### Material for the task
==================================================
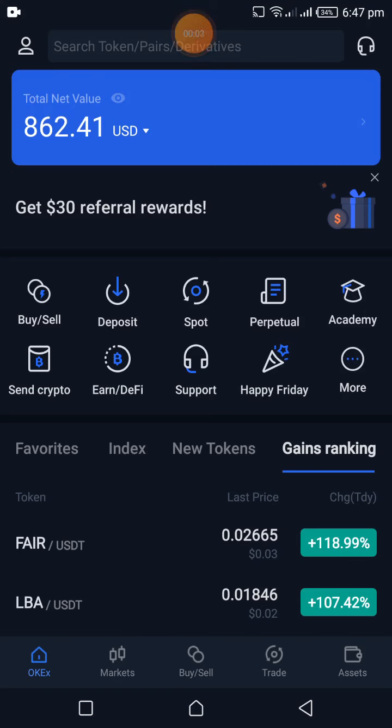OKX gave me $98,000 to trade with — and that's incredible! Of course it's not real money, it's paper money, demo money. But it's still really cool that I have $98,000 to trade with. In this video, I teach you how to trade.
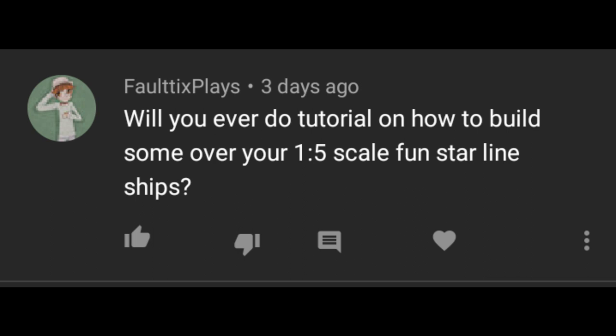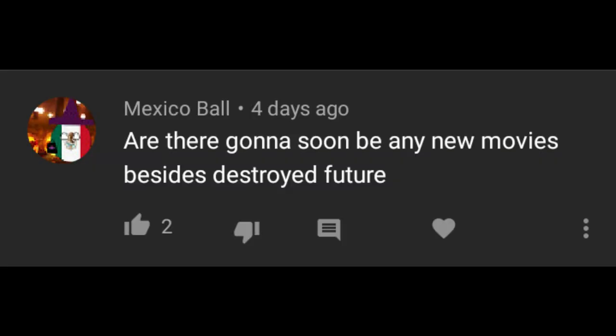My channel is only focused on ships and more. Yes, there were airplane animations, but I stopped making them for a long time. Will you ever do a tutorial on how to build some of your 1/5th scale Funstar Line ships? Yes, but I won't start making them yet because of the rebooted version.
==================================================
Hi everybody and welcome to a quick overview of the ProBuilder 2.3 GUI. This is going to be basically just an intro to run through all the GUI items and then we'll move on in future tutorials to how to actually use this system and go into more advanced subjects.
==================================================
### Task goal
Output exactly those lines of the data above that run from the line with "OKX gave me" up to and including the line with "My channel is". No pictures go in.

### Final answer
OKX gave me $98,000 to trade with — and that's incredible! Of course it's not real money, it's paper money, demo money. But it's still really cool that I have $98,000 to trade with. In this video, I teach you how to trade.
My channel is only focused on ships and more. Yes, there were airplane animations, but I stopped making them for a long time. Will you ever do a tutorial on how to build some of your 1/5th scale Funstar Line ships? Yes, but I won't start making them yet because of the rebooted version.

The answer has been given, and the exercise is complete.